As can be seen from the formula for the standard deviation (4), the denominator is ( P-1), i.e. when the number of observations is equal to or less than 30 (n £ 30), it is necessary to take in the denominator of the formula ( P-one). If, when determining the arithmetic mean M take into account all the elements of the series, then, calculating a, it is necessary to take not all cases, but one less (n-1).

With a large number of observations (n>30), the denominator of the formula is P, So as a unit does not change the results of the calculation and is therefore automatically omitted.

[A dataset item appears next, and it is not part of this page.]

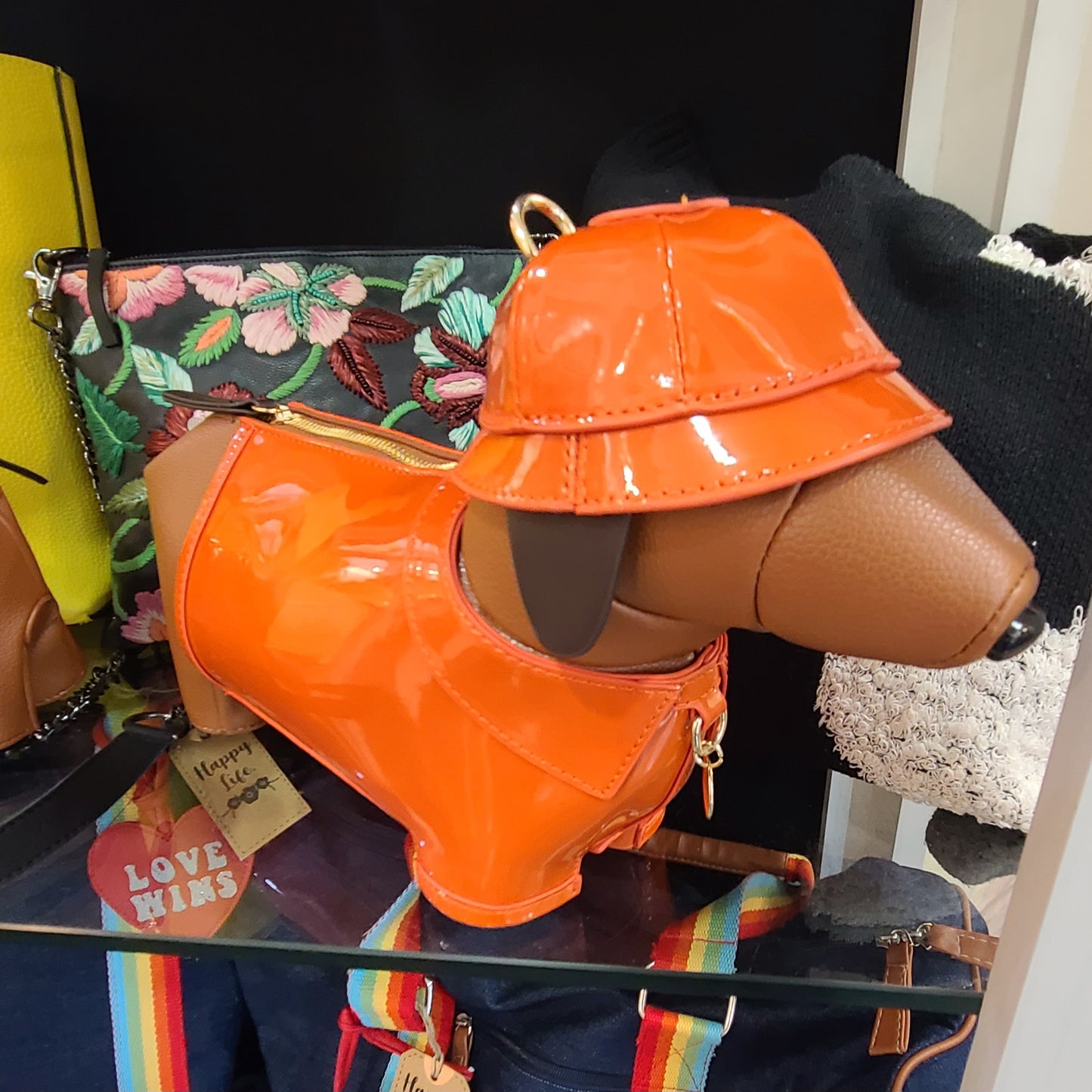 Raincoat Daschund Dog Purse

It should be noted that the standard deviation is a named value, so it must have a designation common to the variant and the arithmetic mean (dimension - kg, see km, etc.).

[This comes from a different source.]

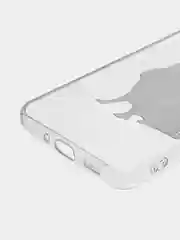 Бежевый чехол на Samsung Galaxy A33 5G / Галакси А33 5G прозрачный, с рисунком, защита камеры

The calculation of the standard deviation by the method of moments is carried out after the calculation of the average value.

There is another criterion that characterizes the level of diversity of the trait values ​​in the aggregate, - coefficient of variation.

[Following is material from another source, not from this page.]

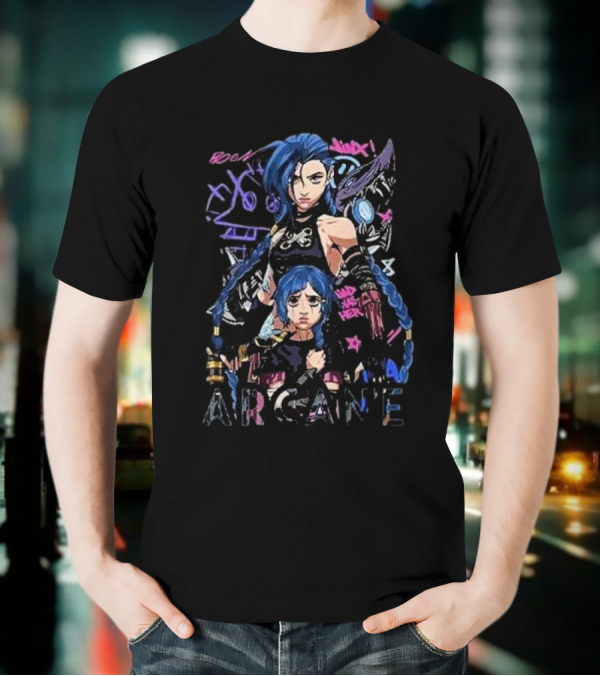 Jinx Arcane League Of Legends Roam Swagger T-Shirt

Coefficient of variation (Cv)- is a relative measure of diversity, as it is calculated as a percentage of the standard deviation (a) to arithmetic mean (M). The formula for the coefficient of variation is:

For an approximate assessment of the degree of diversity of a trait, the following gradations of the coefficient of variation are used. If the coefficient is more than 20%, then a strong diversity is noted; at 20-10% - the average, and if the coefficient is less than 10%, then it is considered that the diversity is weak.

The coefficient of variation is used when comparing the degree of diversity of features that have differences in the size of features or their unequal dimensions. Suppose you want to compare the degree of diversity in body weight in newborns and 5-year-old children. It is clear that newborns will always have less "sigma" than seven-year-old children, since their individual weight is less. The standard deviation will be smaller where the value of the feature itself is smaller. In this case, to determine the difference in the degree of diversity, it is necessary to focus not on the standard deviation, but on the relative measure of diversity - the coefficient of variation Сv.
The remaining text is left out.